In October 2010, Maj. Gen. Dave Scott, head of the Air Force’s operational requirements directorate, gave a briefing that disclosed the service’s plans for a long-range strike family of systems (LRS-FoS)—plans that then-Defense Secretary Robert Gates approved a few months later.
Three family members are real today: LRSB, the Long-Range Standoff cruise missile and a “penetrating intelligence, surveillance and reconnaissance” (P-ISR) vehicle, which is Northrop Grumman’s secret RQ-180. (A fourth, Conventional Prompt Global Strike, was dropped like a bad habit as soon as the Pentagon’s exit door closed behind its leading advocate, and was replaced by the Minuteman follow-on.)
That leaves one: Penetrating Airborne Electronic Attack (P-AEA). In the LRS-FoS plan, RQ-180 would find targets for LRSB and the P-AEA would suppress defenses. Together, they fill the capabilities gap between the cost-constrained LRSB and the Battlestar-Galactica Next-Generation Bomber (NGB) that Gates canceled in 2009.

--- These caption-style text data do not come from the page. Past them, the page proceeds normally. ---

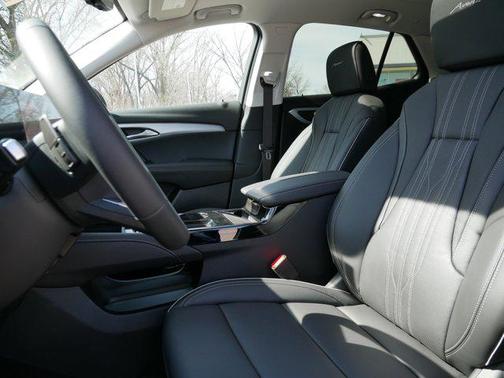 Quartz Blue Metallic 2026 Buick Envision Avenir AWD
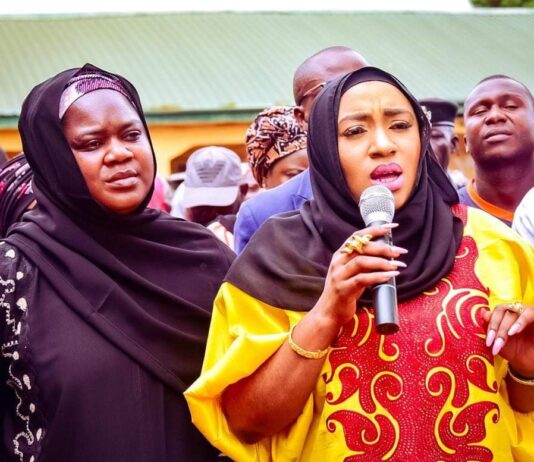 Renewed Hope: FG, State, UNICEF Set up transit Schools For 11,000 Out Of School displaced Children in Niger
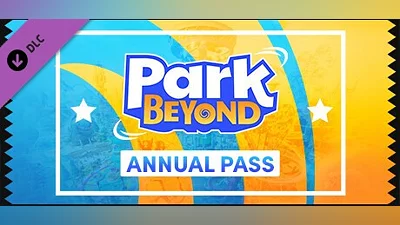 Park Beyond - Annual Pass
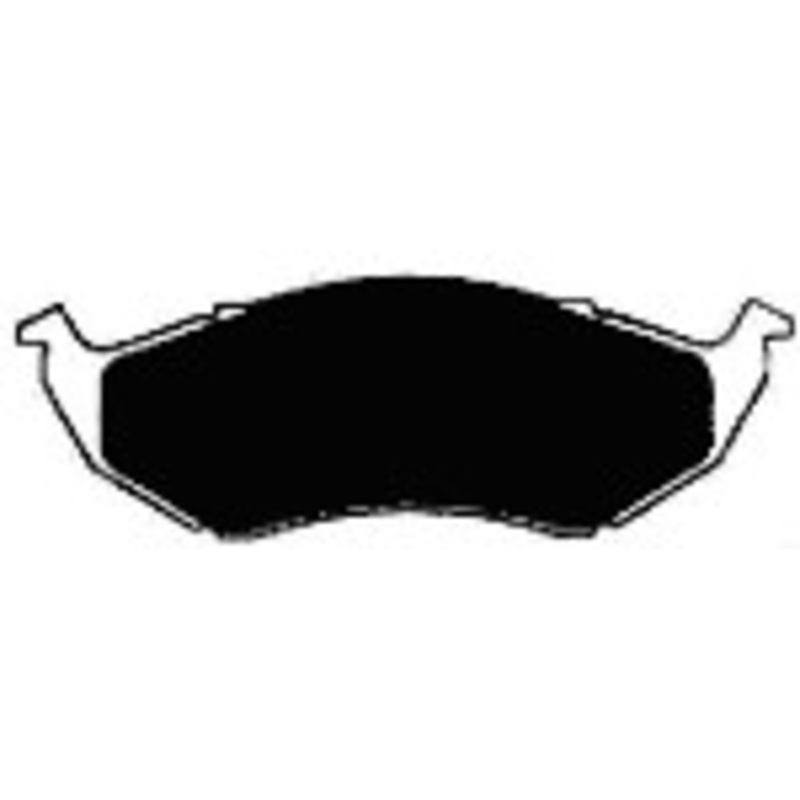 Porterfield Brake Pads for 2004 DODGE INTREPID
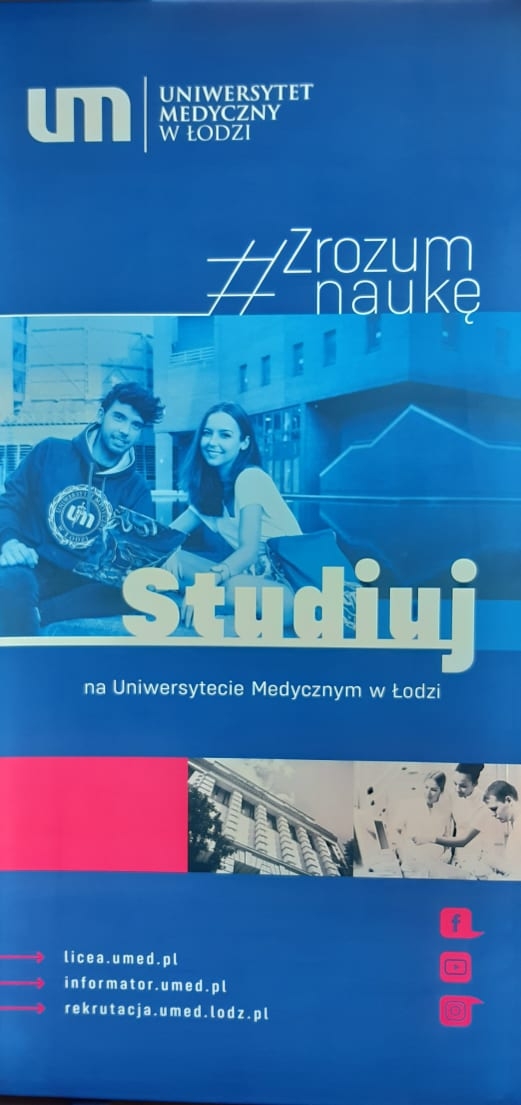 STUDIUJ NA UMED W ŁODZI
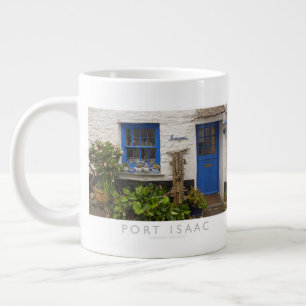 Port Isaac Grote Koffiekop
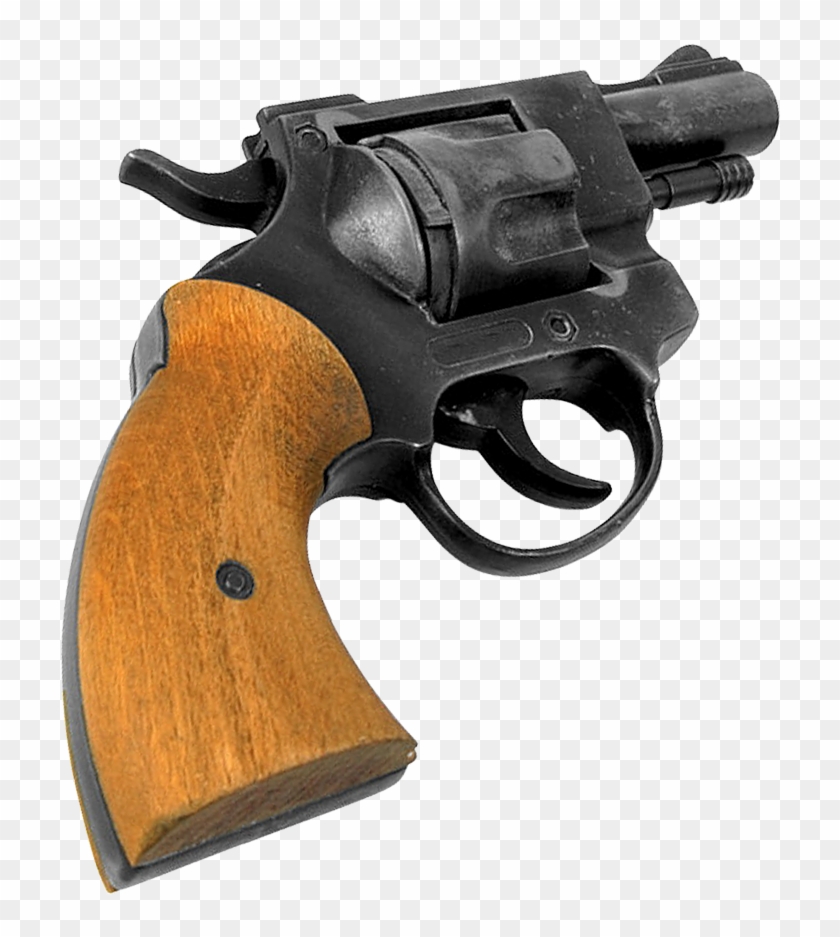 Norc At The University Of Chicago - Revolver Clipart #3772075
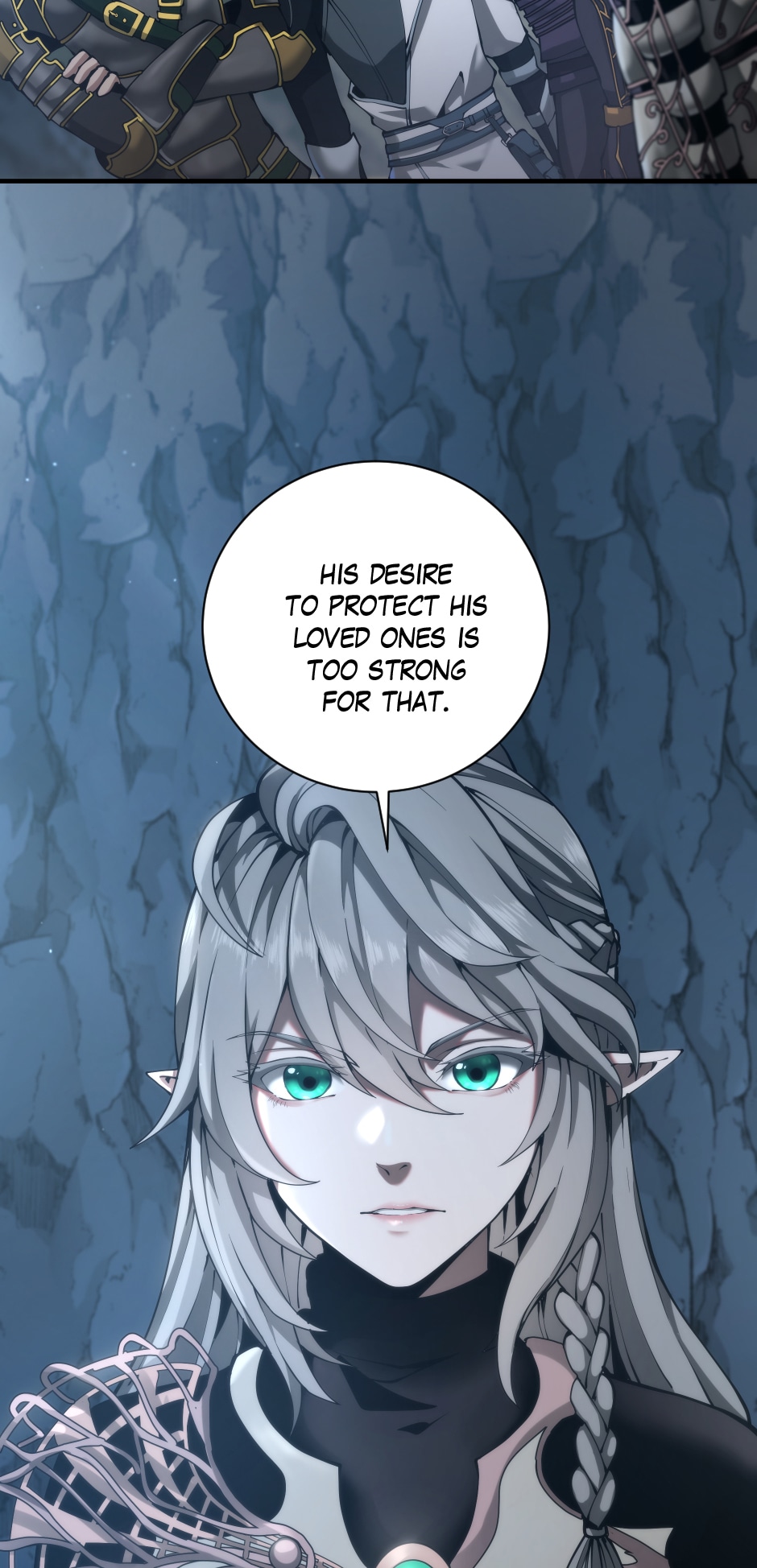 Read The Beginning After The End ENGLISH Manga Online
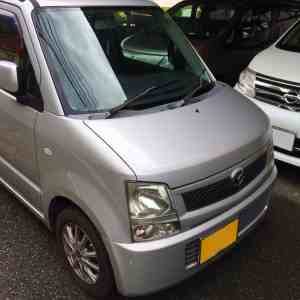 ޥĥ AZ若 ʿ15ǯ 145,000km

originally posted by: BASSPLYR
a reply to: Zaphod58
yeah I didn't think the AF and the NAVY would get together on a P-AEA. IF the Air Force had/has a dedicated EW platform hidden in their new budget they would probably want to keep it all to themselves and not share at all with the Navy if possible. I sure wouldn't share any of that if I were the Air Force. But we do need a dedicated P-AEA to join in on the LRS-B family or just in general. That part makes sense to me.